22nd Governor of Bataan
- In office June 28, 1994 – June 30, 2004
- Vice Governor: Efren B. Pascual (1994–1995) Serafin Roman (1995–1998) Rogelio Roque (1998–2004)
- Preceded by: Enrique "Tet" Garcia
- Succeeded by: Enrique "Tet" Garcia
- In office March 26, 1986 – June 30, 1992
- Preceded by: Efren B. Pascual
- Succeeded by: Enrique "Tet" Garcia

Personal details
- Born: July 9, 1946 (age 79) Manila, Philippines
- Party: Nationalist People's Coalition
- Spouse: Carmencita Francisco Roman
- Children: Happy, Bai Soraya, Martina Alexandria, Martin Kristoffer, Martina Jean Victoria, Martin Leonardo Jr., and Martina Joaquin
- Profession: Politician

= Ding Roman =

Philippine politician

Leonardo "Ding" Banzon Roman (born July 9, 1946) is a Filipino politician who was the governor of the province of Bataan. He served the province as its governor for seventeen years from 1986 to 2004, having won a total of four gubernatorial elections following his appointment as officer-in-charge of Bataan during the Presidency of Corazon Aquino.

== Biography ==
Roman was born on July 9, 1946, in Manila to parents, Pablo Roman and Victoria Banzon Roman. His father, a former Bataan congressman, founded the first free trade zone in the Philippines called the Bataan Export Processing Zone (BEPZ), which paved the way for the construction of a Roman Superhighway from Dinalupihan to Mariveles. His surname, Roman, was first recognized in Bataan when his grandfather, Sotero, became Pilar's town official in the 1930s.
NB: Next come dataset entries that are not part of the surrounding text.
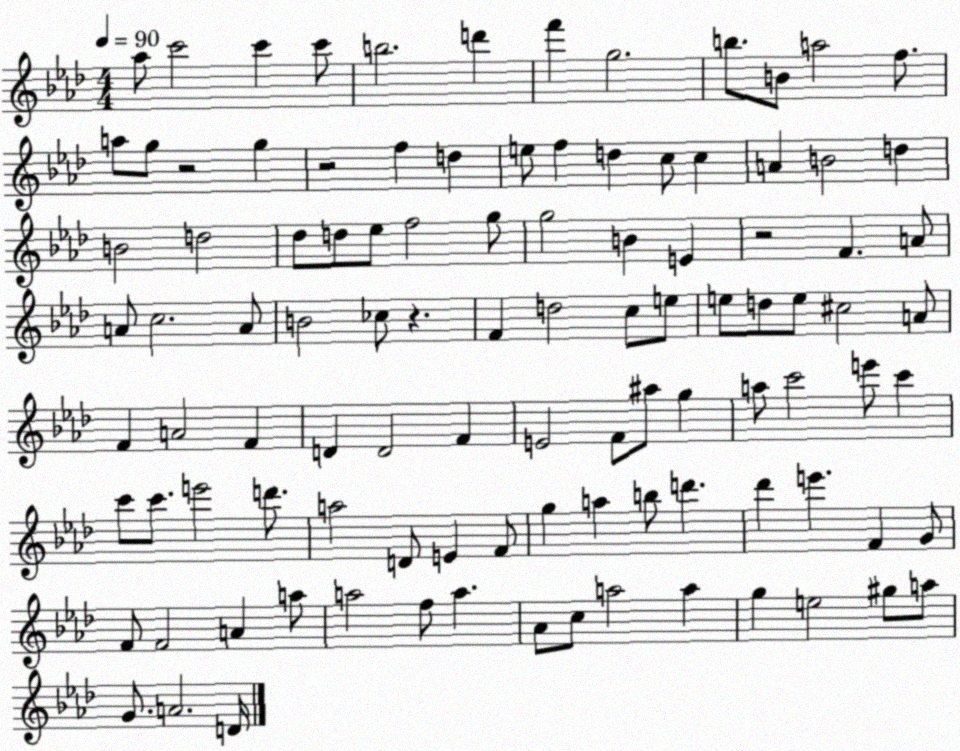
X:1
T:Untitled
M:4/4
L:1/4
K:Ab
_a/2 c'2 c' c'/2 b2 d' f' g2 b/2 B/2 a2 f/2 a/2 g/2 z2 g z2 f d e/2 f d c/2 c A B2 d B2 d2 _d/2 d/2 _e/2 f2 g/2 g2 B E z2 F A/2 A/2 c2 A/2 B2 _c/2 z F d2 c/2 e/2 e/2 d/2 e/2 ^c2 A/2 F A2 F D D2 F E2 F/2 ^a/2 g a/2 c'2 e'/2 c' c'/2 c'/2 e'2 d'/2 a2 D/2 E F/2 g a b/2 d' _d' e' F G/2 F/2 F2 A a/2 a2 f/2 a _A/2 c/2 a2 a g e2 ^g/2 a/2 G/2 A2 D/4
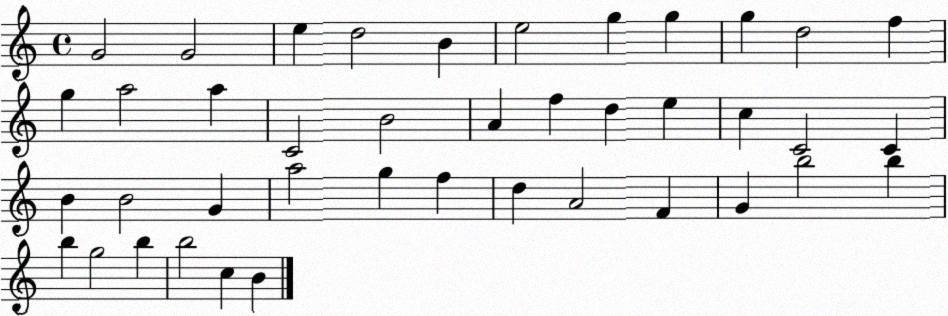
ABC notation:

X:1
T:Untitled
M:4/4
L:1/4
K:C
G2 G2 e d2 B e2 g g g d2 f g a2 a C2 B2 A f d e c C2 C B B2 G a2 g f d A2 F G b2 b b g2 b b2 c B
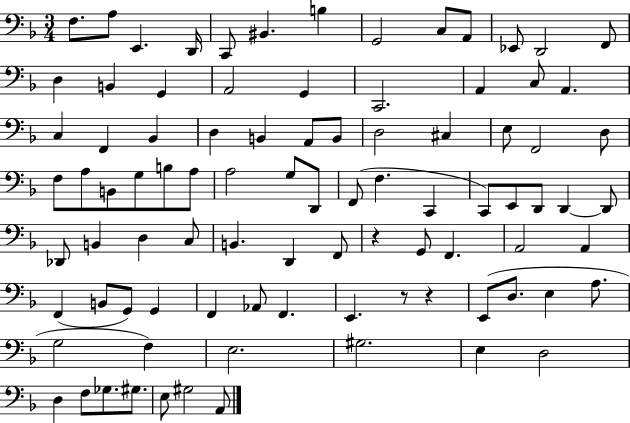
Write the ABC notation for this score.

X:1
T:Untitled
M:3/4
L:1/4
K:F
F,/2 A,/2 E,, D,,/4 C,,/2 ^B,, B, G,,2 C,/2 A,,/2 _E,,/2 D,,2 F,,/2 D, B,, G,, A,,2 G,, C,,2 A,, C,/2 A,, C, F,, _B,, D, B,, A,,/2 B,,/2 D,2 ^C, E,/2 F,,2 D,/2 F,/2 A,/2 B,,/2 G,/2 B,/2 A,/2 A,2 G,/2 D,,/2 F,,/2 F, C,, C,,/2 E,,/2 D,,/2 D,, D,,/2 _D,,/2 B,, D, C,/2 B,, D,, F,,/2 z G,,/2 F,, A,,2 A,, F,, B,,/2 G,,/2 G,, F,, _A,,/2 F,, E,, z/2 z E,,/2 D,/2 E, A,/2 G,2 F, E,2 ^G,2 E, D,2 D, F,/2 _G,/2 ^G,/2 E,/2 ^G,2 A,,/2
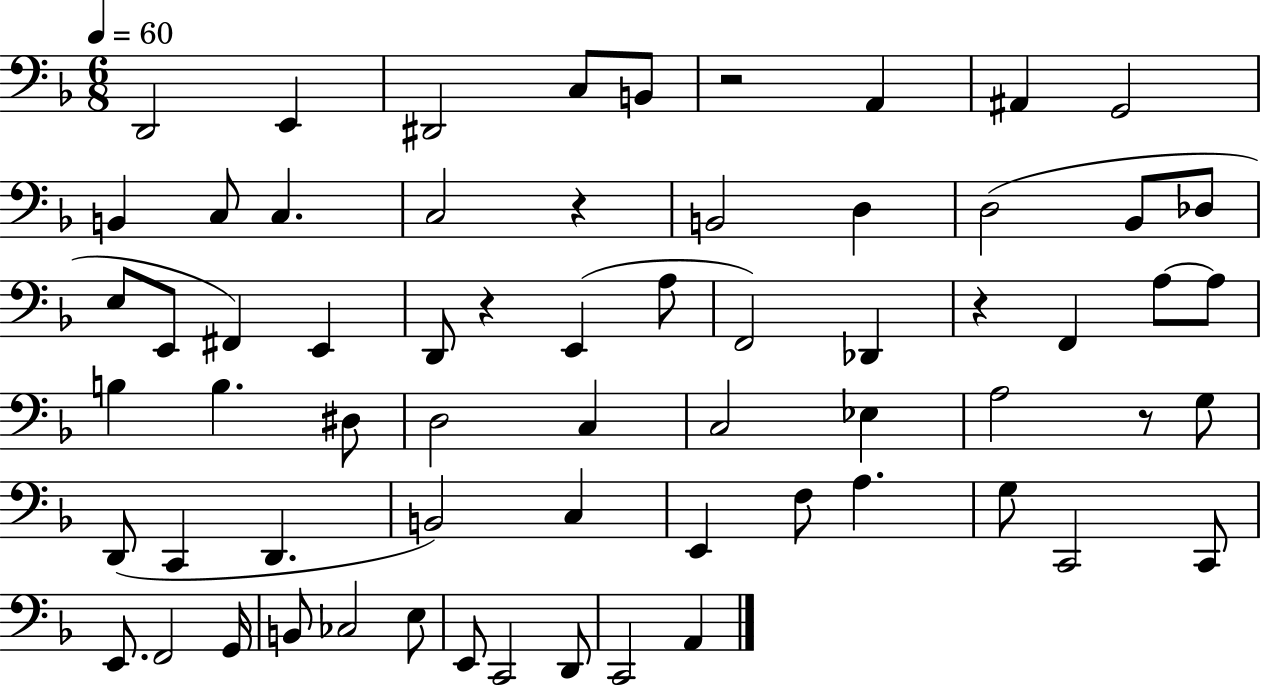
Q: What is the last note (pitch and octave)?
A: A2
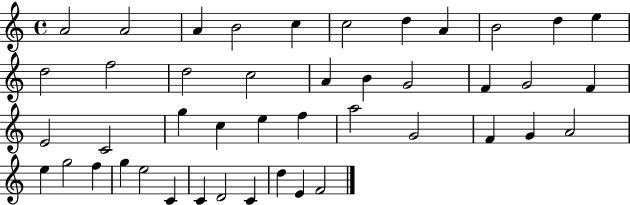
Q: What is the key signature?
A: C major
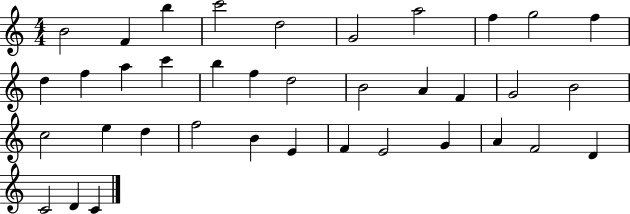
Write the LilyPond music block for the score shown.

{
  \clef treble
  \numericTimeSignature
  \time 4/4
  \key c \major
  b'2 f'4 b''4 | c'''2 d''2 | g'2 a''2 | f''4 g''2 f''4 | \break d''4 f''4 a''4 c'''4 | b''4 f''4 d''2 | b'2 a'4 f'4 | g'2 b'2 | \break c''2 e''4 d''4 | f''2 b'4 e'4 | f'4 e'2 g'4 | a'4 f'2 d'4 | \break c'2 d'4 c'4 | \bar "|."
}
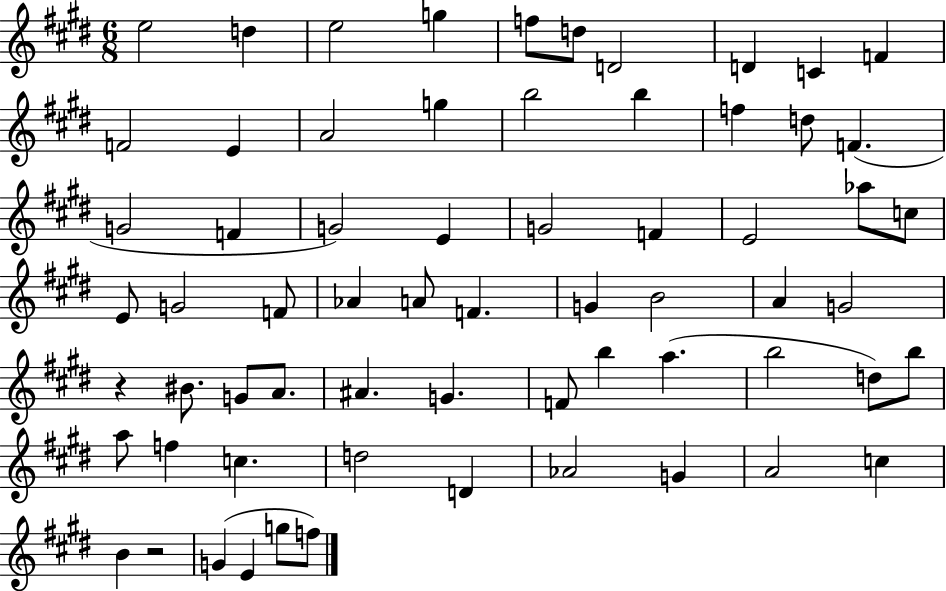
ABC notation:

X:1
T:Untitled
M:6/8
L:1/4
K:E
e2 d e2 g f/2 d/2 D2 D C F F2 E A2 g b2 b f d/2 F G2 F G2 E G2 F E2 _a/2 c/2 E/2 G2 F/2 _A A/2 F G B2 A G2 z ^B/2 G/2 A/2 ^A G F/2 b a b2 d/2 b/2 a/2 f c d2 D _A2 G A2 c B z2 G E g/2 f/2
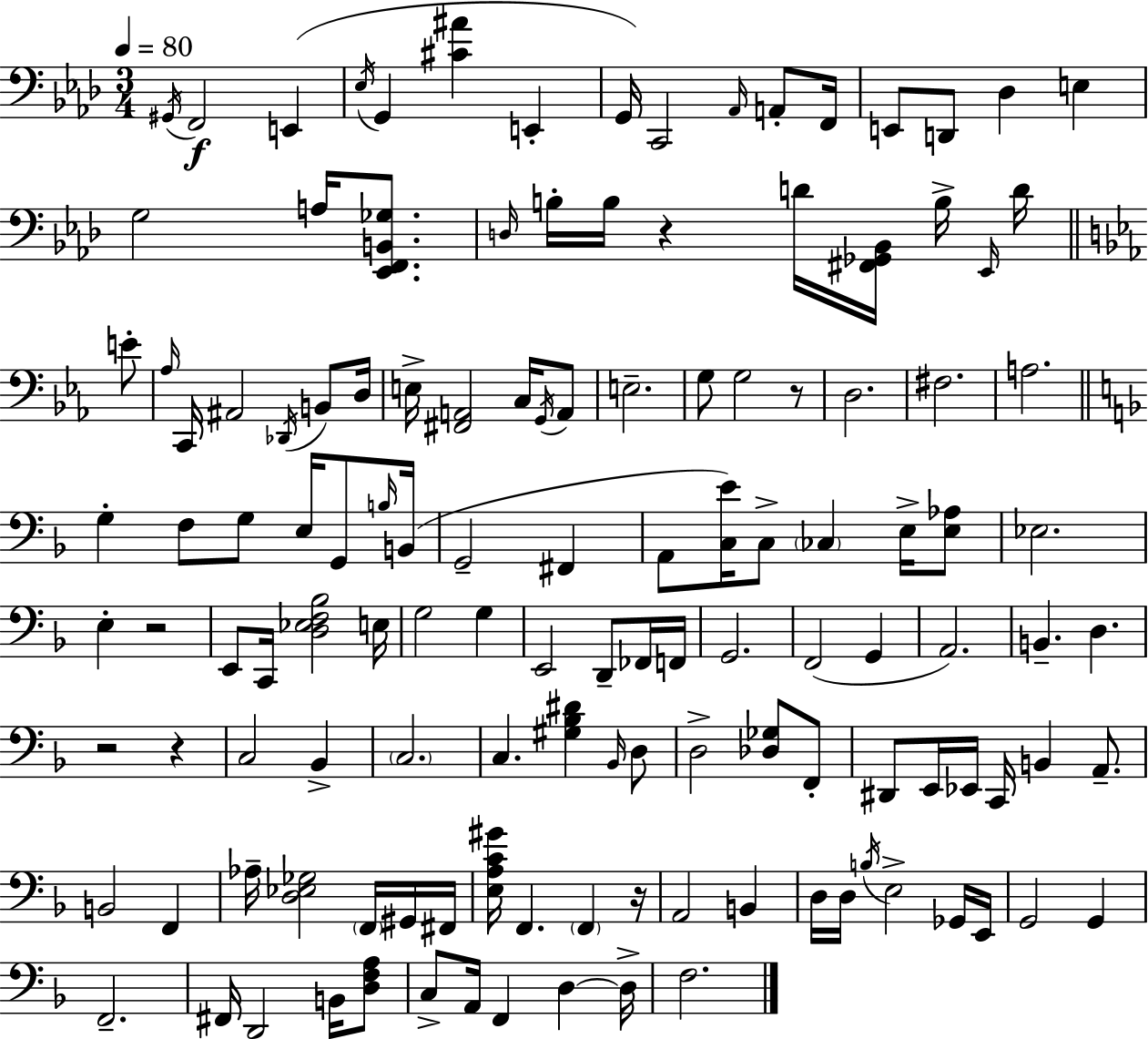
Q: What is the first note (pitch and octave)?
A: G#2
He attended secondary school at Letran College at Intramuros, Manila. He then took Bachelor of Science in Business Administration, Major in Marketing at Saint Joseph's University in Philadelphia, Pennsylvania, United States of America. Upon graduating college, he worked in the private sector for sixteen years before entering public service.

He is married to Carmencita Francisco Roman and has seven children. His eldest son, Atty. Martin Kristoffer "Kris" Roman, was appointed by President Rodrigo Duterte as assistant secretary at the Office of the President in 2017.

Roman is also the cousin of the late Representative Tony Roman, who is the father of Representative Geraldine Roman.

== Political career ==
Roman started his political career in 1980 when he became president of the Nacionalista Party. He opposed the imposition of martial law under Ferdinand Marcos.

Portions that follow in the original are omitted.